Y definitivamente no es un acierto que el clímax ocurra cuando Pablo y Miguel están sentados juntos en una aerosilla que podría caer al vacío ante la conducta furiosa de Pablo o la reacción descontrolada de Miguel. La metáfora es obvia e innecesaria. Lo mismo ocurre con la chancha que mata a sus crías y con el Vía Cruxis de Semana Santa. En cambio, La chancha funciona a la perfección cuando se ciñe a narrar su historia en su literalidad. 

 

Otro factor problemático es que en el afán de centrarse en la liberación de Pablo, la narrativa se desentiende precisamente del individuo que generó tanto daño. Es como si para curar el sufrimiento de tantos años, Pablo solamente necesitara enfrentar al monstruo, expresar su ira contenida y después dejarlo dando vueltas por ahí, sin condena. Ahí no hay clausura posible. Y, aparte, esto pone al meollo de toda la película en un lugar muy incómodo. 

 

En relación a Chile 672 y La vida después, La chancha es un gran paso adelante y muestra a un director que sale de lo más indie y autoral para entrar en un tipo de cine de género poco transitado en Argentina. Lo hace con convicción y con un diestro manejo de los elementos del thriller y el drama, uno encabalgado en el otro.    

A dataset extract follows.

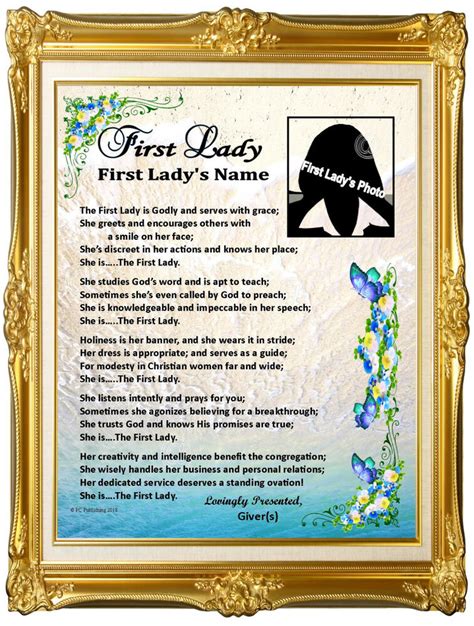Pastors Wife First Lady Personalized Photo Name Poem T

La chancha (Argentina, Brasil, 2019).

 

Escrita y dirigida por  Franco Verdoia. Con Esteban Meloni, Gabriel Goity, Raquel Karro, Gladys Florimonte, Rodrigo Silveira. Fotografía: João Castelo Branco. Montaje: Lucas Cesario Pereira. Sonido: Kiko Ferraz, Christian Vaisz. Música: Leo Heinkin, Kiko Ferraz. Duración: 97 minutos.